RioFest will screen Food, Inc as the featured film to close the festival Saturday night. The movie examines the current method of raw food production, which is largely a response to the growth of the fast food industry since the 1950s. The production of food overall has more drastically changed since that time than the several thousand years prior. Filmmaker Robert Kenner reveals shocking truths about the food we eat, where it came from and how some forward-thinking entrepreneurs are offering solutions to problems plaguing America’s food industry.
Deters said “cinema has the unique ability to engage emotions through communal relationships between individuals and communities.
“We want to expose people to those communities and healthy ways to get involved with their ideas” she said.
Other feature-length films to be shown during the weekend include Chaparri, the Seven Bears of the Sacred Mountain; The Greening of Southie; and Addicted to Plastic.
RioFest Environmental Film Festival will also be showing the hour-long 1997 movie Affluenza, and its sequel, Escape from Affluenza. The films deal with the social and environmental consequences of materialism and over-consumption, and profiles of people working for solutions to bring a better balance between people and the environment.
The festival will also include the Meatrix series of short animations. Spoofing The Matrix movies, The Meatrix is a creative and humorous approach to educating viewers about factory crop and dairy farming. The Meatrix II, Revolting and The Meatrix II ½, expand on the original’s theme, while promoting social action.
Other films focus on water, including Rio Grande, River of Connection, a documentary produced as an educational film for students by Alexis Rykken of San Antonio. Reviving a Watershed and Mixing: A Dialogue on Wastewater are two other films that focus on water-related issues.

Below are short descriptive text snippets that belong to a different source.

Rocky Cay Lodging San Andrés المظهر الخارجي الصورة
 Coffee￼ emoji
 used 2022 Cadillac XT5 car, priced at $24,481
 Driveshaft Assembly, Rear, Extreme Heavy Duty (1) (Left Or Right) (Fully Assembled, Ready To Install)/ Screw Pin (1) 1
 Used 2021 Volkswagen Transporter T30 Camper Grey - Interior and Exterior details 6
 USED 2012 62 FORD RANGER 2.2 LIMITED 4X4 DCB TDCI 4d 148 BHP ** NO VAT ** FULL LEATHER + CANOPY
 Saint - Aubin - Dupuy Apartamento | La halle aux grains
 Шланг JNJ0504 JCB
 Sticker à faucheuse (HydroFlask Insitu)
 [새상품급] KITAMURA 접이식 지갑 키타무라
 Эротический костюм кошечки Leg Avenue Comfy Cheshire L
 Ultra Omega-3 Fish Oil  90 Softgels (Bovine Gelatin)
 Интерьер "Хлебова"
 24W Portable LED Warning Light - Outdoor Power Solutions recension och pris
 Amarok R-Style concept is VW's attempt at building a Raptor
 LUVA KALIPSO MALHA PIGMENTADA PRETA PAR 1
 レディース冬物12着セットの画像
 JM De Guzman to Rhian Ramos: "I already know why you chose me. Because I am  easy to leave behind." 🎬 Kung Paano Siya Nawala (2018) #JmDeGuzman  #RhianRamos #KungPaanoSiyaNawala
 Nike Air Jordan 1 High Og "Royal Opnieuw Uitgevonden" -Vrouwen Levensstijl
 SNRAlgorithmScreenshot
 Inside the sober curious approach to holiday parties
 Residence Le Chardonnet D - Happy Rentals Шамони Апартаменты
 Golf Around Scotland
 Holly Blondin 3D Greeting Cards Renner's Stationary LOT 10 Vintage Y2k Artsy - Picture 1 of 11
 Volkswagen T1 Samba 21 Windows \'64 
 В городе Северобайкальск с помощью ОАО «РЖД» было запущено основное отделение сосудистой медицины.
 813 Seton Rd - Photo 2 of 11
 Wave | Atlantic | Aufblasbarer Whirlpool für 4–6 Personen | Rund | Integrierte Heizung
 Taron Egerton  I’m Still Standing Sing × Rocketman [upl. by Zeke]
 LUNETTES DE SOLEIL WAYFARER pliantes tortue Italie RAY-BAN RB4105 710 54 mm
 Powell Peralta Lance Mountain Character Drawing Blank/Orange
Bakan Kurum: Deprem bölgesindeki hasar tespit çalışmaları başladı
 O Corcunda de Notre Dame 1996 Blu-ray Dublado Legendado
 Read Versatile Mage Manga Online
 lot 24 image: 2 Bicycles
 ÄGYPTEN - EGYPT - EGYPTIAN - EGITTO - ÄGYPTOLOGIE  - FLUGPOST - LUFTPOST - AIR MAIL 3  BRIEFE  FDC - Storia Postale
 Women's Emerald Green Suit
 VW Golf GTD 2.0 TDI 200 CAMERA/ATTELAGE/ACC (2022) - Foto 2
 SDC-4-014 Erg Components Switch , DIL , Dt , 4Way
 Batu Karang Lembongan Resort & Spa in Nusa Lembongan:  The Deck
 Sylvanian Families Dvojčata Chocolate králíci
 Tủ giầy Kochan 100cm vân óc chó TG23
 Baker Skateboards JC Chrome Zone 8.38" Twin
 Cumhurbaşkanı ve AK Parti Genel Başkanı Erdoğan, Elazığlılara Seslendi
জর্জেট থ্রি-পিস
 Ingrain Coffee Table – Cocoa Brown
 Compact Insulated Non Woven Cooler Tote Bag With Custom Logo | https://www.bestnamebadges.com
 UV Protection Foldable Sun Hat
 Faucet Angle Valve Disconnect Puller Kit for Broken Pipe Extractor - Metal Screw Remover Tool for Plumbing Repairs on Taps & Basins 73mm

“It’s important that we all recognize and understand the value of our limited resources and what we must do to preserve them,” Deters said.
RioFest Environmental Film Festival is a 501-3C non-profit entity established in 2007 under the fiscal sponsorship of Friends of the Bosque del Apache National Wildlife Refuge.
Tickets for the event may be purchased by check or money order. Checks should be made to Friends of the Bosque and sent to RioFest Environmental Film Festival, Box 508, Socorro, 87801.
For more information on the RioFest Environmental Film Festival, visit the RioFest website: http://www.riofilmfest.com
Festival tickets are priced at $25 for a two-day pass and $15 for one day. Tickets for the Saturday night showing of Food Inc. are $5.